▶ **TASK INSTRUCTIONS**
When you transcribe the lines below, keep every word the same and leave the pictures behind.

▶ **INPUT DATA**

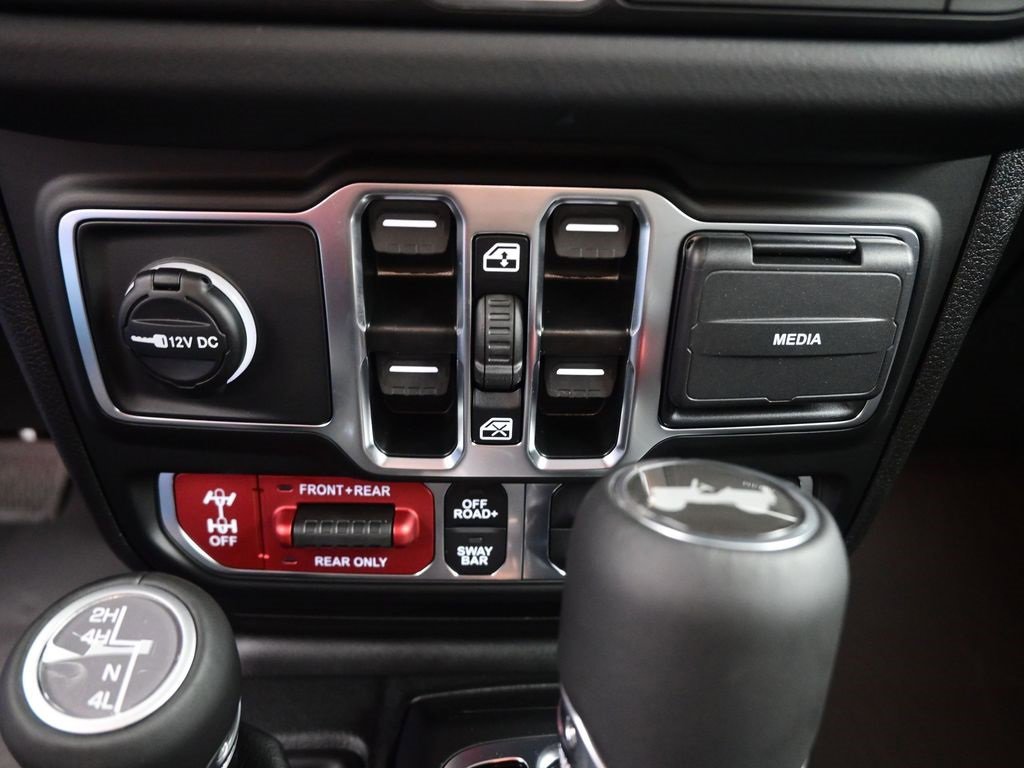 New 2025 Jeep Wrangler Unlimited Rubicon w/ Technology Group image 7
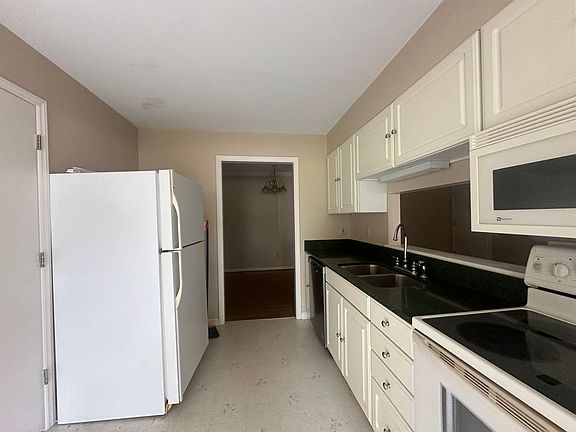 5th image of 2421 Barnside Ct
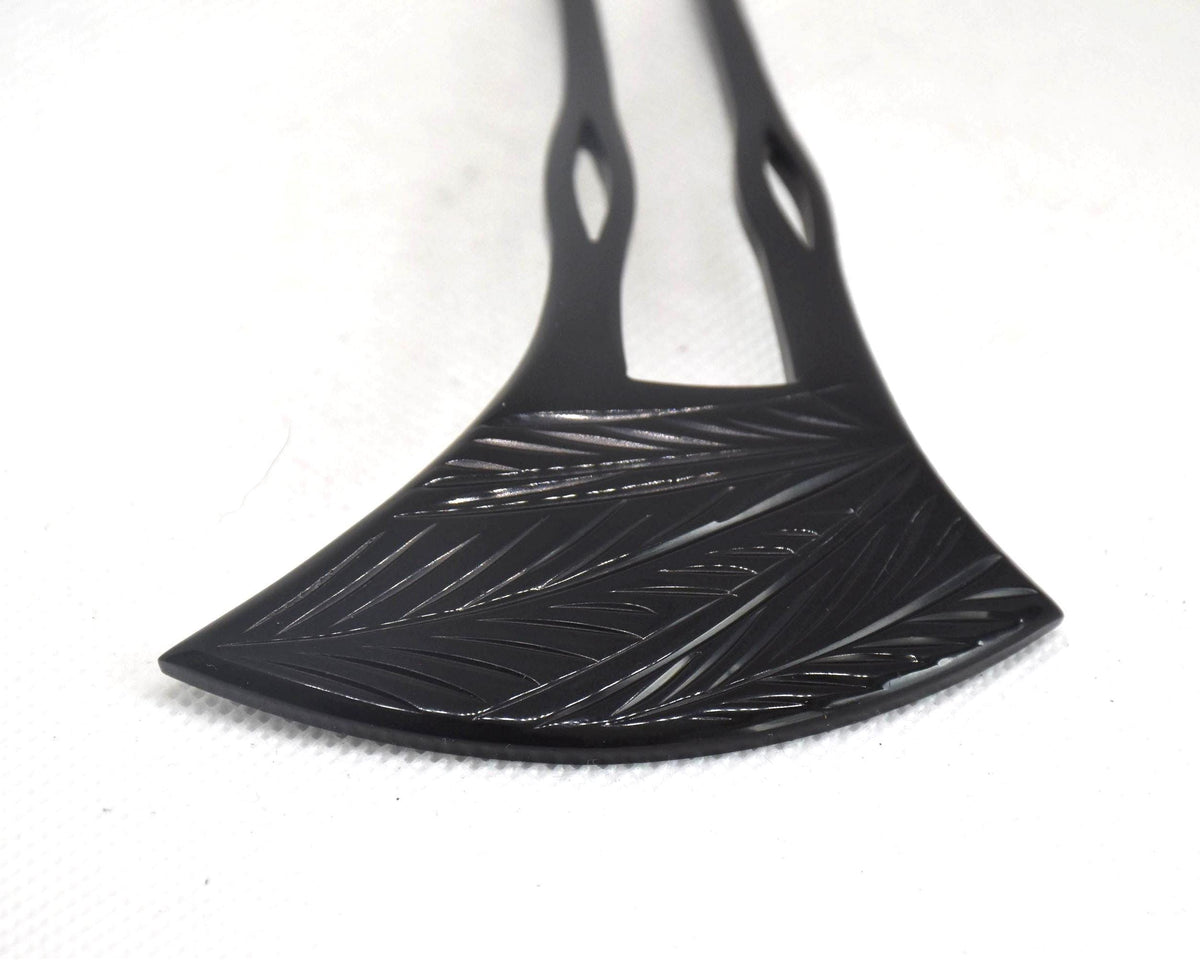 Bachi-Gata Kanzashi Fan-Shaped Hair Fork pattern detail showing close up of the carved leaf motif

▶ **RESPONSE FOR THIS EXERCISE**
 New 2025 Jeep Wrangler Unlimited Rubicon w/ Technology Group image 7
 5th image of 2421 Barnside Ct
 Bachi-Gata Kanzashi Fan-Shaped Hair Fork pattern detail showing close up of the carved leaf motif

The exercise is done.